8. Par cette question, la juridiction nationale demande en substance si, malgré le fait que, conformément à l'arrêt Steen, le droit communautaire n'est pas applicable au cas d'espèce, elle peut apprécier la situation discriminatoire invoquée par M. Steen à la lumière du droit national et en tirer les conséquences.

9. A cet égard, il suffit de constater que l'arrêt Steen ne saurait avoir d'autre effet que celui d'exclure que le droit communautaire puisse être invoqué en présence d'une situation purement interne.

10..En revanche, il appartient à la juridiction nationale, confrontée à une question de droit interne, d'apprécier s'il y a une discrimination dans le cadre de ce dernier et si et comment celle-ci doit être éliminée.

11. Il y a donc lieu de répondre à la question préjudicielle que le droit communautaire n'empêche pas une juridiction nationale d'examiner la compatibilité avec sa constitution d'une règle interne qui désavantage, par rapport aux ressortissants d'autres États membres, les travailleurs nationaux se trouvant dans une situation qui ne présente aucun lien de rattachement avec l'une des situations envisagées par le droit communautaire.

Sur les dépens

12. Les frais exposés par les Gouvernements allemand et italien ainsi que par la Commission des Communautés européennes, qui ont soumis des observations à la Cour, ne peuvent faire l'objet d'un remboursement.

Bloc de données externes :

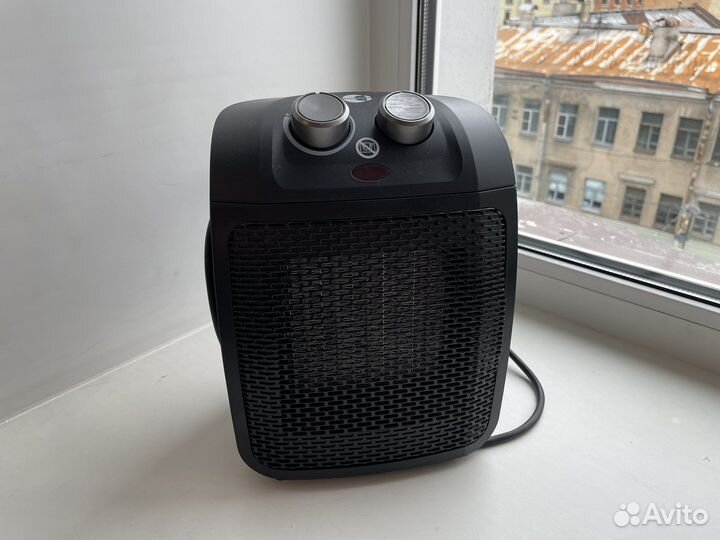 Керамический обогреватель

La procédure revêtant, à l'égard des parties au principal, le caractère d'un incident soulevé devant la juridiction nationale, il appartient à celle-ci de statuer sur les dépens.

Par ces motifs,

LA COUR (2e chambre),

Statuant sur la question à elle soumise par l'Arbeitsgericht Elmshorn, par ordonnance du 16 mars 1993, dit pour droit :

Le droit communautaire n'empêche pas une juridiction nationale d'examiner la compatibilité avec sa constitution d'une règle interne qui désavantage, par rapport aux ressortissants d'autres États membres, les travailleurs nationaux se trouvant dans une situation qui ne présente aucun lien de rattachement avec l'une des situations envisagées par le droit communautaire.